La obra, paralizada durante años, se reactiva y se extiende para beneficiar a nuevas comunidades, incluyendo a Río Muerto, en el marco de la política de igualdad en el suministro hídrico.
El Segundo Acueducto del Interior del Chaco
El Segundo Acueducto, una de las infraestructuras estratégicas para la provisión de agua potable en la región chaqueña, retoma su ejecución después de permanecer detenido durante varios años. A pesar de haber sido anunciado e inaugurado en reiteradas oportunidades por gestiones anteriores, la obra no había concluido. Hoy, la Gobernación del Chaco impulsa su ampliación y puesta en marcha para incorporar a nuevas comunidades al sistema de distribución, reafirmando el compromiso institucional de dotar de servicios básicos a linderos cada vez más amplios del territorio provincial.
Río Muerto
En la localidad de Río Muerto, fundada en 1934 alrededor de la antigua estación ferroviaria y situada en el oeste chaqueño, el abastecimiento hídrico ha dependido históricamente de perforaciones administradas por la Administración Provincial del Agua (APA), con instalaciones mínimas de tratamiento. El sistema cuenta con cisternas y un tanque elevado que se encuentra fuera de servicio por problemas estructurales, situación que ha limitado la cobertura y obligado a un suministro precario que afecta las principales actividades económicas de la zona, entre las que destacan la agricultura, la ganadería de subsistencia y la producción de carbón.
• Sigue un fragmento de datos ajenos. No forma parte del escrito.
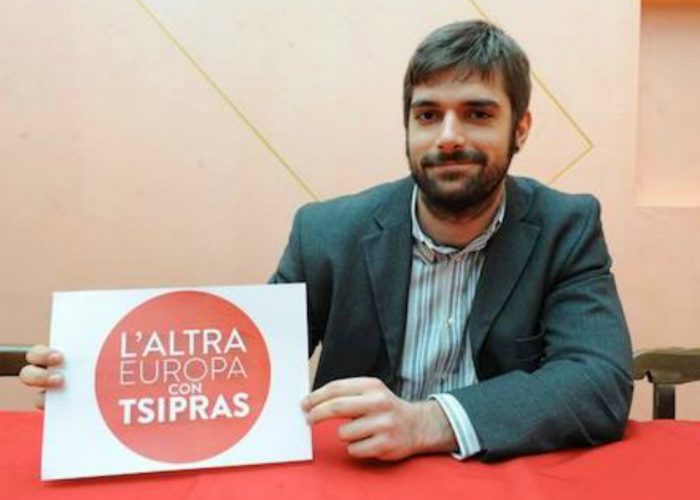 Ollino, candidato per Tsipras:«Recuperiamo il vero spirito dell'Europa»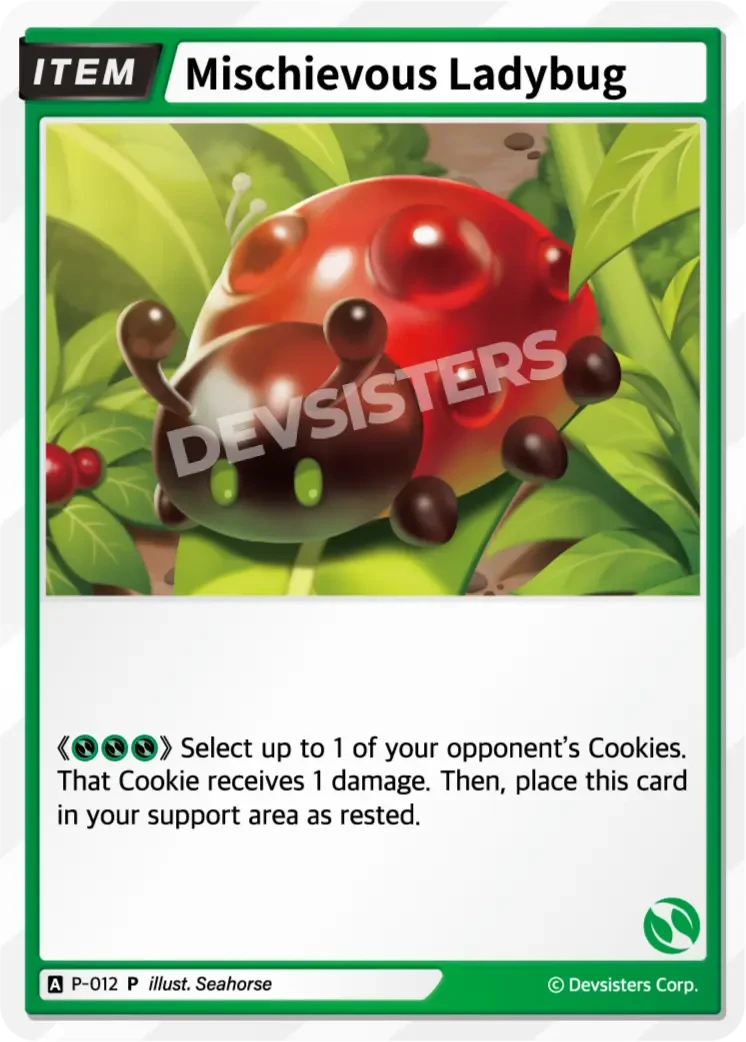 Mischievous Ladybug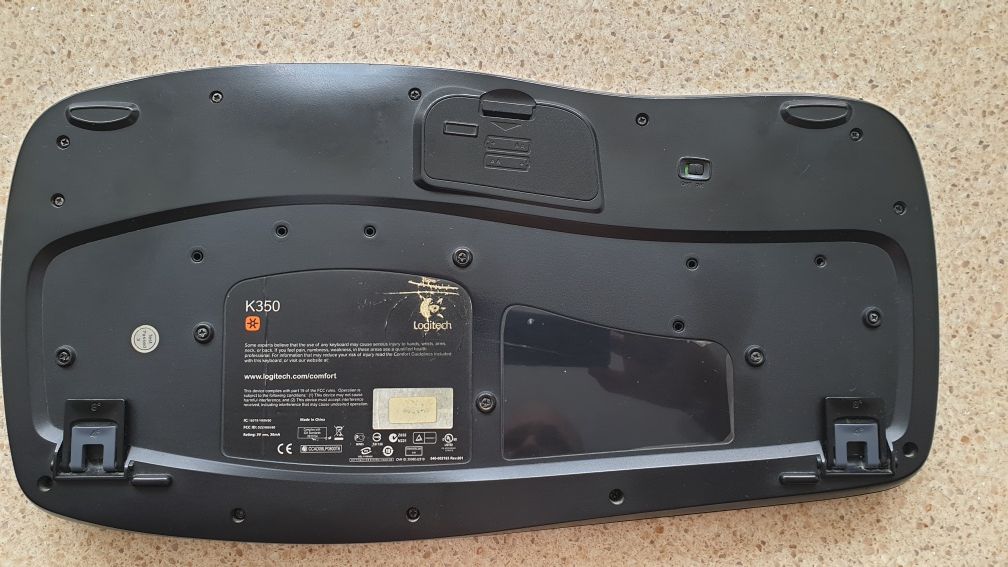 Клавіатура Logitech K 350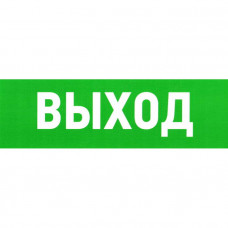 Указатель выхода 150х300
Ante este escenario, la reactivación de la obra pública busca reorganizar la red de distribución y asegurar un servicio más estable y eficiente.
El anuncio
La ampliación del Segundo Acueducto se inscribe dentro de los ejes centrales de la gestión actual: transformar el acceso al agua potable de un servicio desigual en un derecho efectivo que llegue a todos los chaqueños que habitan el territorio provincial. Las intervenciones contemplan la incorporación de nuevas comunidades al circuito de provisión, reduciendo brechas históricas y fortaleciendo la soberanía hídrica en la región. El avance de estas obras representa un paso institucional concreto hacia la igualdad de condiciones y el desarrollo sostenible del Chaco profundo.